# WIN 7 SP1 und IE 9 klappt nicht



## Messerjockl (7. April 2011)

Moin Leute....

Ich bekomme auf meinem WIN 7 Hompe Premium 64 BIT System weder das SP1 noch den IE 9 installiert.
Beide Updates brechen bei der Installation ab...

IE 9 mit der Fehlermeldung : 800F081E

SP1 mit der Fehlermeldung : 80073712

Ich hab schon alle unnötigen Prozesse sowie Virenscanner usw ausgeschaltet, hat aber nix geändert.

Habt ihr vielleicht ne Idee wie ich dieses Problem lösen kann OHNE WIN 7 neu zu installieren ?

MfG

Messerjockl


----------



## lord-elveon (7. April 2011)

Es gibt zwei vorbereitende Patches, die für die Installation vom SP1 notwendig sind.

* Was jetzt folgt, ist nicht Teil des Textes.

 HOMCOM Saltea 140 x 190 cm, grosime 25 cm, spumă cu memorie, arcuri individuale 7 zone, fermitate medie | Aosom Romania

Schau mal ob du das Update KB976902 (32bit oder 64bit) und das KB947821 (32bit oder 64bit) installiert hast, sonst must du auf der Microsoft-Seite schauen und sie manuell runterladen.

Sonst kannst du dir auch das SP1 als Pakt runterladen, vielleicht funktoniert es dann.

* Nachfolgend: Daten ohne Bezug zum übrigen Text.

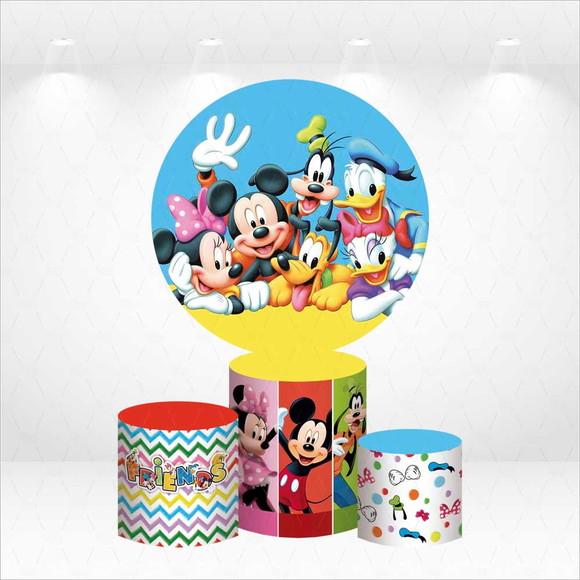Painel Redondo + Kit Capas de Cilindros Mickey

Erst wenn das SP1 installiert ist, würde ich mich um den IE9 kümmern.

mfg lord-elveon

EDIT: Auf der Microsoft-Fehlerseite zu dem SP1-Fehlercode steht auch der Link zu dem einen Update


----------



## Nafcom (8. April 2011)

Ich habe das selbe Problem! Ich habe allerdings SP1 installiert. Das Update  KB976902 hab ich schon das Update  KB947821 installiere ich gerade.

ich habe folgendes versucht um den Fehler : 800F081E zu beheben: Windows Update fix tool (freeware) und das WIndowseigene Updatefix-tool ausprobiert das man bekommt wenn man auf den fehler : 800F081E klickt (aus der Hilfe:  "WindowsUpdate_800F081E" "WindowsUpdate_dt000")

und es gibt noch andere Leute mit dem Problem ohne Lösung, siehe Internet Explorer 9 won’t install on a Windows operating system- What a joke! | LEHSYS

Comodo firewall habe ich übrigens schon testweise deinstalliert.


----------



## Messerjockl (8. April 2011)

Ich hab das ganze jetzt mit der Reparatur Installation von WIN 7 gelöst.

Anleitungen dafür gibbet ja reichlich im Netz.

Danach funktionieren die Updates wieder einwandfrei.


----------



## Nafcom (8. April 2011)

Ah, danke für den Tipp, werde ich machen!


----------